Relevance to the CKB Ecosystem
Directly implements a tooling category the Spark Committee named explicitly, in writing, in their own forum thread — this is about as direct a response to stated demand as a Spark application can be.
Supports CCC adoption (a named 2026 priority) by lowering the time-to-first-dApp even further for AI-assisted builders.
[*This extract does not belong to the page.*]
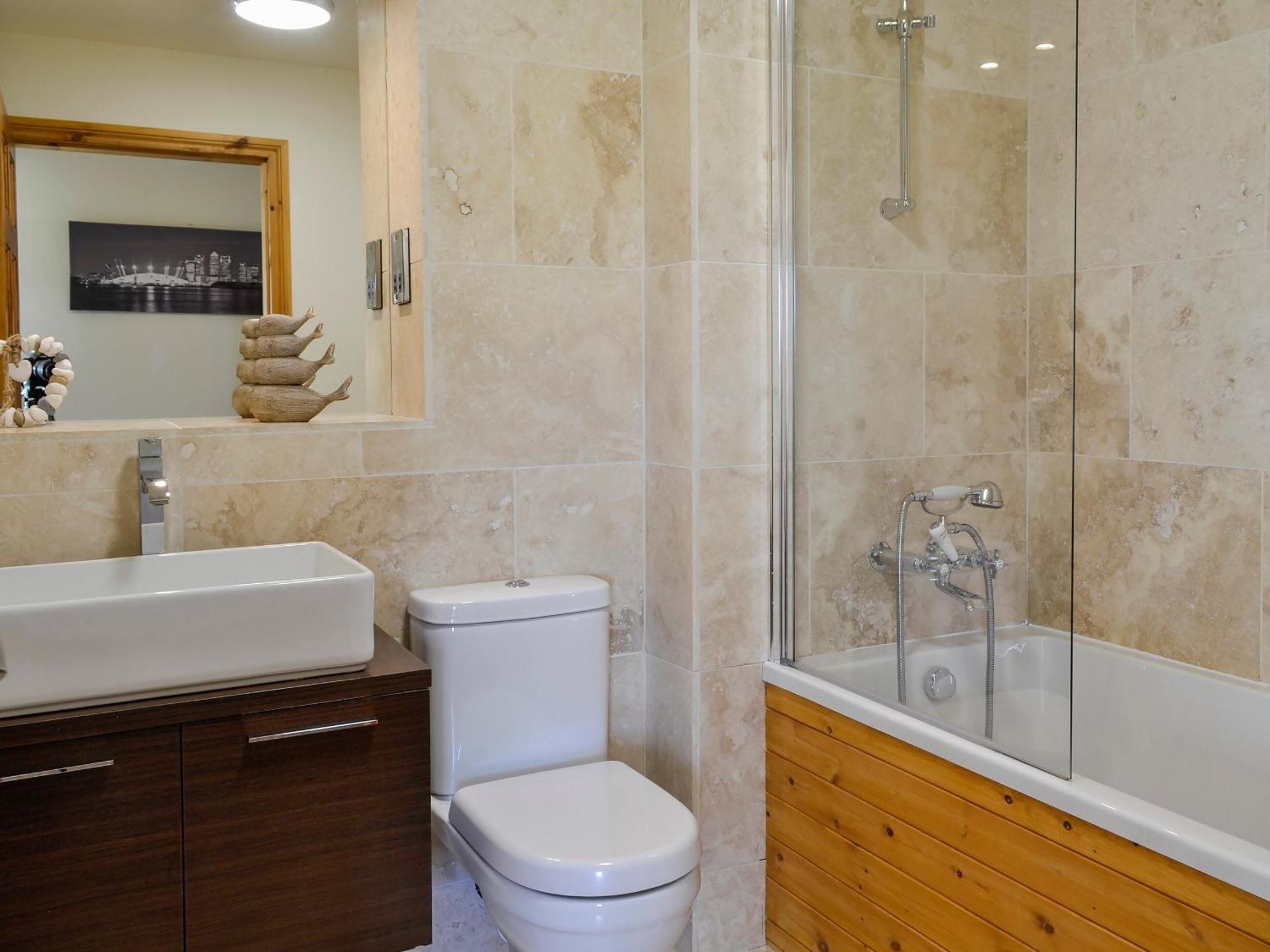 Seaviews And Hot Tub At The Fairways - Uk39821 Villa Portpatrick Eksteriør billede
Produces a reusable disclosure format that, if adopted, could become a small piece of ecosystem-wide convention — useful well beyond this one grant.
Expected Deliverables
Open-source scaffold/template repository (MIT or Apache-2.0), usable via a single scaffolding command. Built-in automated test harness wired to the off-chain/on-chain split. AI Disclosure manifest format (YAML) + template file. One worked example dApp built on the scaffold, with its own disclosure manifest filled out as a real example. README documenting the on-chain/off-chain boundary convention and how to use the disclosure format.
How to Verify
Run the single scaffolding command from the README to generate a new project — reviewers confirm it produces a working CCC-based project structure with no manual fixes needed. Run the included test harness against the worked example dApp — it should pass cleanly, demonstrating the test-harness-as-safety-net pattern actually works. Open the worked example’s AI Disclosure manifest and cross-check it against the actual commit history in the repo, confirming the disclosure accurately reflects what was AI-assisted versus manually written.
Requested Funding
$1,000 USD, 100% CKB.
Scaffold/template structure and scaffolding CLI: $400 — covers the project generator and the on-chain/off-chain folder convention. Test harness: $300 — covers the automated pass/fail signal for off-chain code. AI Disclosure format and worked example dApp: $300 — covers the manifest template and one filled-out real example.
Estimated Timeline
4 weeks total. Week 1: scaffold structure and scaffolding CLI working. Week 2: test harness wired in and passing on a trivial project. Week 3: AI Disclosure manifest format finalized and worked example dApp built. Week 4: docs, polish, buffer for committee feedback.
To-Do List
Build scaffold/template structure. Build scaffolding CLI. Implement automated test harness. Design AI Disclosure manifest format. Build worked example dApp using the scaffold. Fill out real disclosure manifest for the example. Documentation. Submit completion report.